A quick and delicious recipe that combines the best of tacos and pasta, perfect for picnics, potlucks, and summertime barbecues.
Ingredients
Scale:
8 ounces of rotini or fusilli pasta
1 pound of ground beef (or ground turkey or a plant-based alternative)
1 packet (1 ounce) of taco seasoning
1 cup of cherry tomatoes, halved
1 cup of black beans, drained and rinsed
1 cup of corn
1 cup of bell peppers, diced
1 cup of shredded cheese
1 avocado, diced
1/2 cup of green onions, sliced
1/4 cup of fresh cilantro, chopped
1/2 cup of sour cream or Greek yogurt
1/4 cup of mayonnaise
2 tablespoons of lime juice
1 tablespoon of taco sauce (optional)
Salt and pepper to taste
Instructions
Cook the Pasta: Begin by bringing a large pot of salted water to a boil. Add the rotini or fusilli pasta and cook according to package instructions, usually about 8-10 minutes, until al dente. Drain and rinse under cold water to cool down.
Brown the Ground Beef: In a large skillet over medium heat, add the ground beef. Cook until browned, breaking it apart with a spoon for about 5-7 minutes. Drain any excess fat.
Add Taco Seasoning: Sprinkle the taco seasoning over the browned beef, adding 1/4 cup of water. Stir well and let simmer for about 3-4 minutes until thickened.

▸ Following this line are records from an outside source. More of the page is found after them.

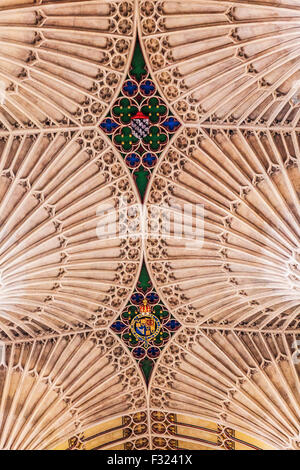 Detail ofthe fan vaulting ceiling in Bath Abbey. Stock Photo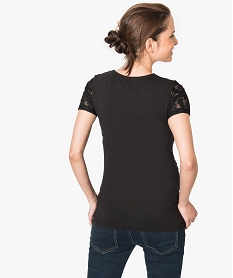 tee-shirt de grossesse empiecement dentelle noir t-shirts manches courtes7554201_3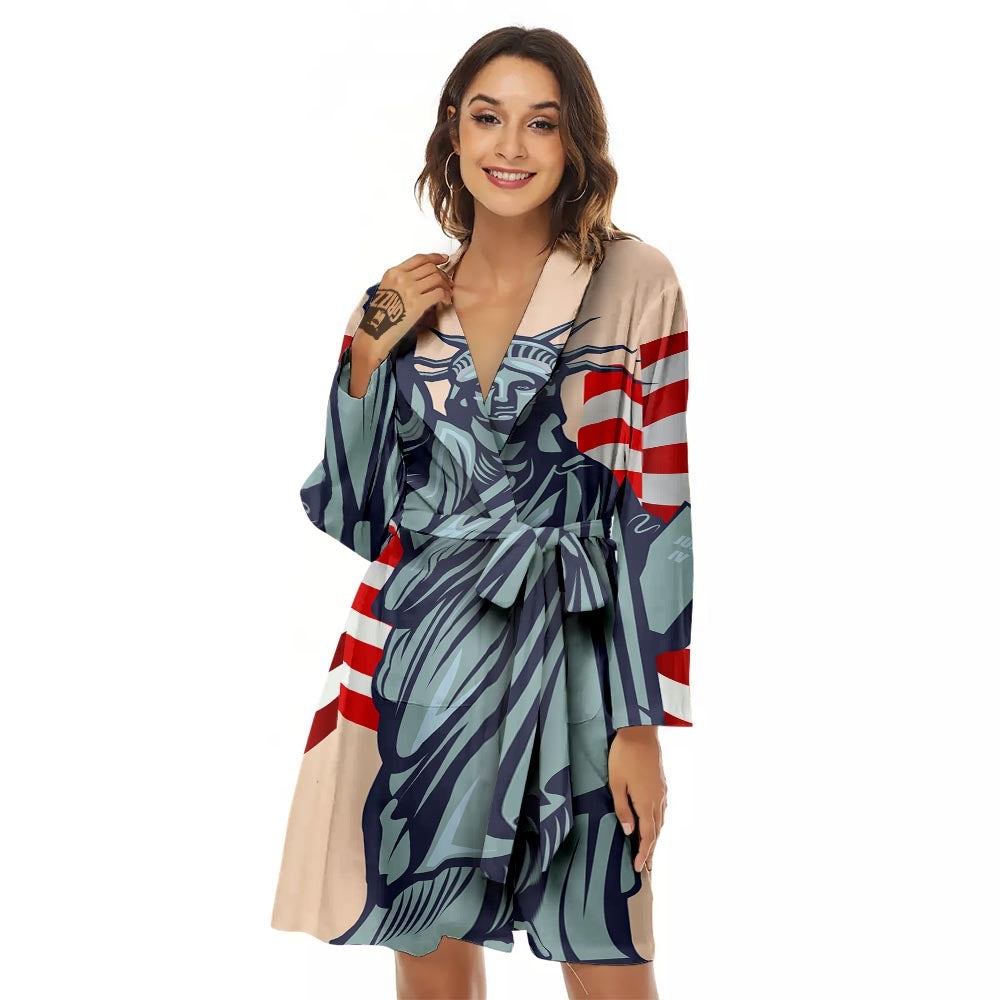 USA Flag Statue of Liberty Print Women's Robe-grizzshop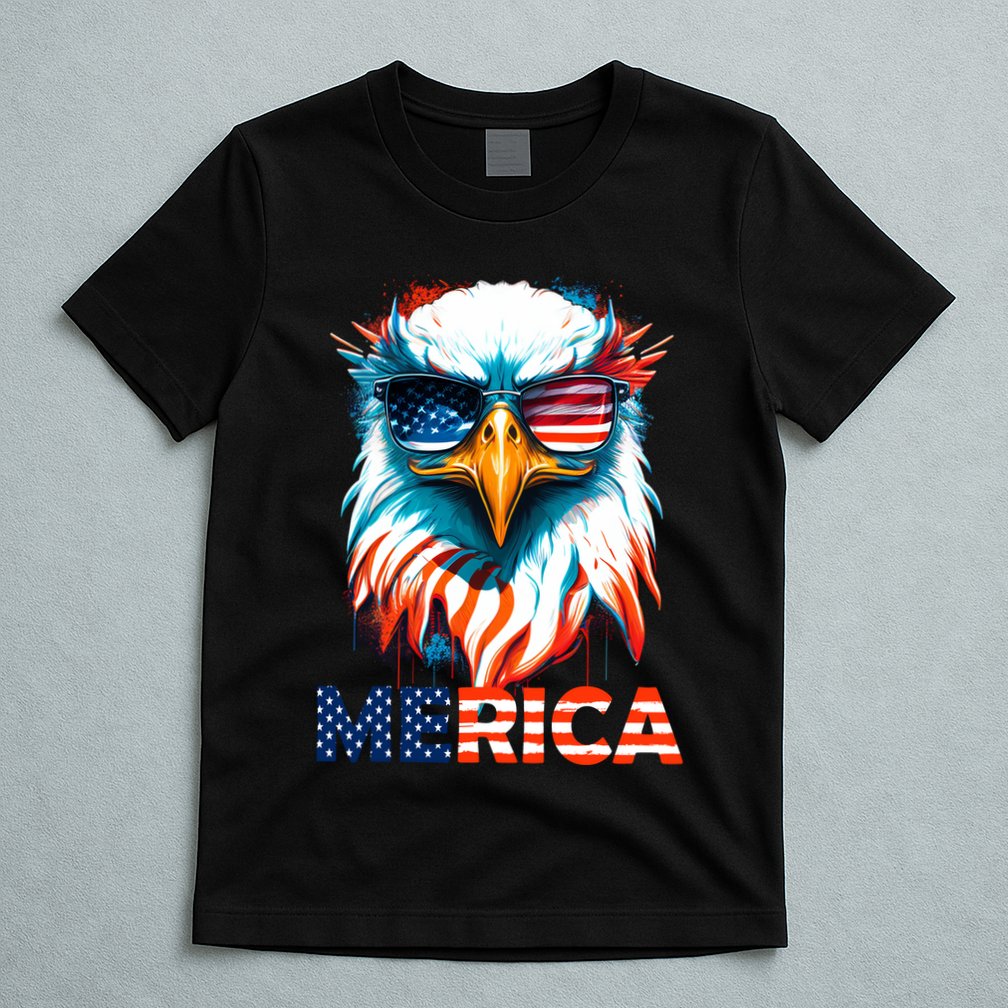 Merica Bald Eagle USA Eagle 4th Of July Patriotic Funny T-Shirt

Prepare the Dressing: In a mixing bowl, combine sour cream, mayonnaise, lime juice, taco sauce, salt, and pepper. Whisk until smooth.
Combine Salad Ingredients: In a large bowl, combine the cooled pasta, seasoned ground beef, cherry tomatoes, black beans, corn, bell peppers, shredded cheese, avocado, green onions, and cilantro. Gently fold together.